Allocating Memory And Strings

Discussion in 'C Programming' started by Mike, Feb 28, 2009.

  1. Mike

    Mike Guest

    Hi,

    Can someone tell me where I'm going wrong please?

    I'm trying to read 6 strings, allocate memory for each one and then print
    them to screen before finally freeing the memory.

    This is what I'm working with at the moment:

    #include <stdio.h>
    #include <stdlib.h>
    #include <math.h>
    #include <string.h>

    int main(void)
    {

    /*Array for holding pointers to the strings */
    char *str_array[6];
    /*Variable to keep track of which string we're working on*/
    int string;
    /*Temp string to hold value after it has been read */
    char tempstr[40];

    for (string=0; string<6; string++){
    /*Read string */
    scanf("%s", tempstr);
    /*Allocate memory for the string, save address in str_array */
    str_array[string]=(char*)(malloc(strlen(tempstr)*sizeof(char)));
    /*Copy read string to newly created memory*/
    *str_array[string] = tempstr;
    }

    for (string=0; string<6; string++){
    /*Print the string*/
    printf("%s\n", str_array[string]);
    /*String has finished so free memory at that location*/
    free(str_array[string]);
    }
    return 0;

    }

    At the moment it's currently displaying a random set of characters however
    from stepping through the code I've noticed that the strings are being
    stored in the str_array and not the actual space I'm allocating for them.
    I'm presuming that the error is line:

    *str_array[string] = tempstr;

    However that to me looks right....

    Any help appreciated,

    Cheers,

    Mike
     
    Mike, Feb 28, 2009
    #1
    1. Advertising

  2. Mike <> wrote:
    > Hi,


    > Can someone tell me where I'm going wrong please?


    > I'm trying to read 6 strings, allocate memory for each one and then print
    > them to screen before finally freeing the memory.


    > This is what I'm working with at the moment:


    > #include <stdio.h>
    > #include <stdlib.h>
    > #include <math.h>
    > #include <string.h>


    > int main(void)
    > {


    > /*Array for holding pointers to the strings */
    > char *str_array[6];
    > /*Variable to keep track of which string we're working on*/
    > int string;
    > /*Temp string to hold value after it has been read */
    > char tempstr[40];


    > for (string=0; string<6; string++){
    > /*Read string */
    > scanf("%s", tempstr);


    I hope you are aware that this is unsafe. 'tempstr' has only room
    for 39 chars (plus the trailing '\0') but the user can easily enter
    a longer string, which the results in a write past the end of
    'tempstr'. To void that use

    scanf("%39s", tempstr);

    > /*Allocate memory for the string, save address in str_array */
    > str_array[string]=(char*)(malloc(strlen(tempstr)*sizeof(char)));


    The bad problem is that you allocate one char less that is
    needed. strlen() returns the number of chars before the
    trailing '\0' and you need one more char for that.

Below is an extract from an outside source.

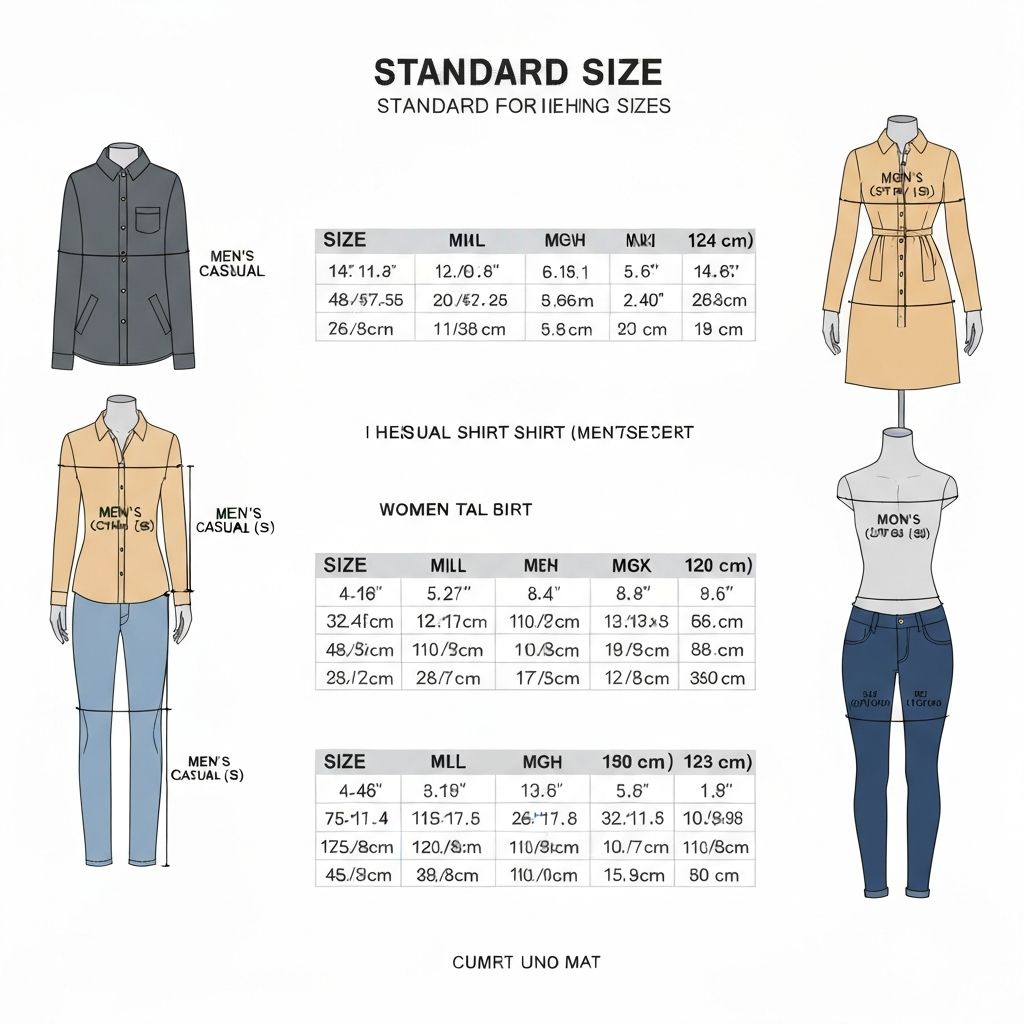 Sizes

    It is usually recommended here not o cast the return value
    of malloc(). Unless you want to compile the program with a
    C++ compiler it's not needed and, if you forgot to include
    <stdlib.h>, it might keep the compiler from warning you about
    that.

    > /*Copy read string to newly created memory*/
    > *str_array[string] = tempstr;


    That's not a string copy. It sets the first element of the array
    'str_array[string]' points to to the address of the first element
    of the array 'tempstr' (after converting that address to a char,
    resulting in a non-sense value). '*str_array[string] could also
    be written as 'str_array[string][0]', which hopefully makes it
    clearer what you're really doing here.

    To copy strings use the strcpy() function

    strcpy( str_array[string], tempstr )

    Regards, Jens
    --
    \ Jens Thoms Toerring ___
    \__________________________ http://toerring.de
     
    Jens Thoms Toerring, Feb 28, 2009
    #2
    1. Advertising

  3. Mike

    Eric Sosman Guest

    Mike wrote:
    > Hi,
    >
    > Can someone tell me where I'm going wrong please?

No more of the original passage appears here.